The future of entertainment is digital, and TiVo (Nasdaq: TIVO) has a significant role to play in it -- at least in 2011.

This year was by turns promising and brutal for the DVR innovator. A major court victory in March sent shares soaring, only to fall back to earth again as legal opponents DISH Network (Nasdaq: DISH) and EchoStar (Nasdaq: SATS) scored a reversal two months later. A much-ballyhooed refresh of the high-end TiVo boxes failed to impress pundit Walt Mossberg or fellow Fool Rick Munarriz, and the stock has languished in single-digit territory for much of 2010.

Will 2011 be any different?

Given that I had put some of my own cash into the stock in November, you might think I'd say "No way." But my investment thesis does not surmise a clear path to trouble-free skies.

Instead, I'm banking on another turbulent year or two. The patent-pounding battles against the cable and satellite industries -- as embodied by DISH and EchoStar -- have been going on for, gosh, six years now and may shuffle along for a long time yet. Supposedly final court orders have been overturned or challenged over and over, delaying the final outcome by years.

The thing is that TiVo has won so many of the skirmishes that I don't see how the company could lose the war in the end. At some point, DISH and EchoStar will probably have to cough up the cash for years of fines, late fees, and cumulative damages. The challenges will run out.

TiVo's stock is currently trading in a low range because the latest chapter in the legal saga was a temporary defeat. When that particular delaying action is defeated (as I believe it will be), TiVo will jump again and give us bottom-feeders a nice return on our investments.

This will probably happen in 2011, but I'm willing to sit on my shares until 2012 if need be because the payoff will be huge. Armed with an undisputable court record, TiVo will go looking for license payments from every cable and satellite operator under the sun: Pay up or remove your DVR services along with millions of subscribers! TiVo will become a licensor of DVR technologies first and an innovator second.
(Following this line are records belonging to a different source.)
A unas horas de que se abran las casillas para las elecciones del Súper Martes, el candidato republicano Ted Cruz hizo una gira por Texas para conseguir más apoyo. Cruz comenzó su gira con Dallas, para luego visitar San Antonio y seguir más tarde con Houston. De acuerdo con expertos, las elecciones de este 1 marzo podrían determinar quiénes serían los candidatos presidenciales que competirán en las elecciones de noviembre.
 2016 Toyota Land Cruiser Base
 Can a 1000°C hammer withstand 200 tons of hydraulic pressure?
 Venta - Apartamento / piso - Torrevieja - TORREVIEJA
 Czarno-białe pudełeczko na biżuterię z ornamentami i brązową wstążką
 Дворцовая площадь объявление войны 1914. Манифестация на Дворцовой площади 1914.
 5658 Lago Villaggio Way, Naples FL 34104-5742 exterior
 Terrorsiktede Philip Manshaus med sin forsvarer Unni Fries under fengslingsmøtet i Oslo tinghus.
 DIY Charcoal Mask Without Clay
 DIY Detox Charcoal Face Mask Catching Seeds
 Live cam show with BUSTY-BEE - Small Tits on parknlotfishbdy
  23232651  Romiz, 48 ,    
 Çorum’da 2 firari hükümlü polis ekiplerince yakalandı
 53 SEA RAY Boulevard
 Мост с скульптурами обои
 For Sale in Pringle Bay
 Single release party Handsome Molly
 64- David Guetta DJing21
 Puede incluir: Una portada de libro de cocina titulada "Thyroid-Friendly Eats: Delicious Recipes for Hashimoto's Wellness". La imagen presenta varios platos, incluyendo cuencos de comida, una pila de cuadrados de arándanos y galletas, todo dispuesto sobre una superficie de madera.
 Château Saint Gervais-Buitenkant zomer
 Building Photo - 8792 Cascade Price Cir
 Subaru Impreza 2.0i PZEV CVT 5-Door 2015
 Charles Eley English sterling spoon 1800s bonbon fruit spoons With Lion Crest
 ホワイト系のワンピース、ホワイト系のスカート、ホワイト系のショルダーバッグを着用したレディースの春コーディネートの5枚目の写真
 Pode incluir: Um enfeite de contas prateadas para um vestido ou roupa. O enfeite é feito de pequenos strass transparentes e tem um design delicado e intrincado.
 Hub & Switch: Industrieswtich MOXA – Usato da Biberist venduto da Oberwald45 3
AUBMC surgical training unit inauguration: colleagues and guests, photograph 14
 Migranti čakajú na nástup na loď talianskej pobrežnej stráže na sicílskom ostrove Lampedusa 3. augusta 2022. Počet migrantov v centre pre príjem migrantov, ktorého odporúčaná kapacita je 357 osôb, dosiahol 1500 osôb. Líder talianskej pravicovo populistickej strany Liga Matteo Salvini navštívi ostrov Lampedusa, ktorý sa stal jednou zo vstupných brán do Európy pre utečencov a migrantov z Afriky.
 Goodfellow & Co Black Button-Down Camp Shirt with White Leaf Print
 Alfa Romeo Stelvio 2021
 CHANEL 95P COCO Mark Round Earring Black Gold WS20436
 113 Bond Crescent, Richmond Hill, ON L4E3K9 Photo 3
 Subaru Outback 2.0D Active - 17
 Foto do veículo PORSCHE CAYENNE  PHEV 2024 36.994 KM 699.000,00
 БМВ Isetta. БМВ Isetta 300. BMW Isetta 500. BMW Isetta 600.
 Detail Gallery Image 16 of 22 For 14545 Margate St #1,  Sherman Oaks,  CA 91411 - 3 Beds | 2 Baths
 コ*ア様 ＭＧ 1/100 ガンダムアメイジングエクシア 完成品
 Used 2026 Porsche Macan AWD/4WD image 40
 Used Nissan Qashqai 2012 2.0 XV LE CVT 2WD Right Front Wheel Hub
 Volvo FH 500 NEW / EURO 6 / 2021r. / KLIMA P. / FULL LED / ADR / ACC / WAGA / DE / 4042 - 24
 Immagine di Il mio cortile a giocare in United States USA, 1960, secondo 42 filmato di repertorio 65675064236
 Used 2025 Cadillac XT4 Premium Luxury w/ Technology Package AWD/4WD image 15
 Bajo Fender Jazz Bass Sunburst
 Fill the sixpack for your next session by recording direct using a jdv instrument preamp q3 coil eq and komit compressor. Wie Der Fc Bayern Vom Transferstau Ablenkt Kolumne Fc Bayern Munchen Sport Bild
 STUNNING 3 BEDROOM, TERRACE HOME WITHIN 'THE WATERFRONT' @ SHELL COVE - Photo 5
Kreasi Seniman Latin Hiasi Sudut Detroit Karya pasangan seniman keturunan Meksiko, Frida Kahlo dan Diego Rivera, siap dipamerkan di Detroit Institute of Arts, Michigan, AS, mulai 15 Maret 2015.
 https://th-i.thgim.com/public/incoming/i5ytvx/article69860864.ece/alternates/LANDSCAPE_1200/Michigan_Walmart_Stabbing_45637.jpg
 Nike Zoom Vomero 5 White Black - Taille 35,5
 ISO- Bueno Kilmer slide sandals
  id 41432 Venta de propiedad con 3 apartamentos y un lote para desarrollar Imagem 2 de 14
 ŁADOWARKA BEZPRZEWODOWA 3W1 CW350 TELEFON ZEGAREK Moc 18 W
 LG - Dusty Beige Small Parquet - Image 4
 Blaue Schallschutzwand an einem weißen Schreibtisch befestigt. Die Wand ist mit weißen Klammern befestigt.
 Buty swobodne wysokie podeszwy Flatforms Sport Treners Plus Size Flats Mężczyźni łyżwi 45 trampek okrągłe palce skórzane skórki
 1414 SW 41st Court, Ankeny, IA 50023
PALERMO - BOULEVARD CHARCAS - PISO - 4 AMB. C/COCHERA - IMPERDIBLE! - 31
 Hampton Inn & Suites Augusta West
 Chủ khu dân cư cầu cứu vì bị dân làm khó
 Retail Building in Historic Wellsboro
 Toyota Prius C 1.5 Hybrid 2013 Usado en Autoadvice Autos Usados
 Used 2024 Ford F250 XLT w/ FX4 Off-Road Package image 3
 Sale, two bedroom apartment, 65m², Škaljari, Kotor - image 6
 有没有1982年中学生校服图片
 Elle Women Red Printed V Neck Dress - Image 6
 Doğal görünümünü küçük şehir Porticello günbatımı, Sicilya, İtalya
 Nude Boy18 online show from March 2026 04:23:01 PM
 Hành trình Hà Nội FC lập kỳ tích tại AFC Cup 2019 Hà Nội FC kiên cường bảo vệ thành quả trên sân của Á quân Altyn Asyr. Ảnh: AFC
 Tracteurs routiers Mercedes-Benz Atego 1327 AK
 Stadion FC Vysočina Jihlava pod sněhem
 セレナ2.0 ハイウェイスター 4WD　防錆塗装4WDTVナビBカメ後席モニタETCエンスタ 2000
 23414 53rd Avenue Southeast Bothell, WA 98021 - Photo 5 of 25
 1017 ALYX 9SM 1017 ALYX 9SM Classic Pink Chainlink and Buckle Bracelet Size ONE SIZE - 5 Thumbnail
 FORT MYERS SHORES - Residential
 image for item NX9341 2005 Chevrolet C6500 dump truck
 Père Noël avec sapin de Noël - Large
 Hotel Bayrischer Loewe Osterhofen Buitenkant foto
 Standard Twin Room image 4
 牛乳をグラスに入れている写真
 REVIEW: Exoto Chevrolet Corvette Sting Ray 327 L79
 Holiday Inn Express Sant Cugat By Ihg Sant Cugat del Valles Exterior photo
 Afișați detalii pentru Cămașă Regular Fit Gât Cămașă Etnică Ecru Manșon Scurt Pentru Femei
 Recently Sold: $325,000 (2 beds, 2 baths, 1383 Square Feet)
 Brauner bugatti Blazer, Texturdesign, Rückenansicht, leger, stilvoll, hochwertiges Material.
And that's when I'll sell my shares, collect the winnings, and look for the next next big thing.

Peering even further into the future is a gloomy exercise for TiVo, you see. Netflix (Nasdaq: NFLX) is tearing up the charts with its digital movie streams, giving us a first taste of what the future will look like. TiVo's DVR technology requires you to record first and watch later, possibly missing some shows you didn't know you wanted to see. On-demand services like what Netflix is doing cut out the middle man and take the next logical step: Watch anything, anytime.

TiVo will become obsolete, but it will get its glory days first, and 2011 looks like exactly the right time to own the stock.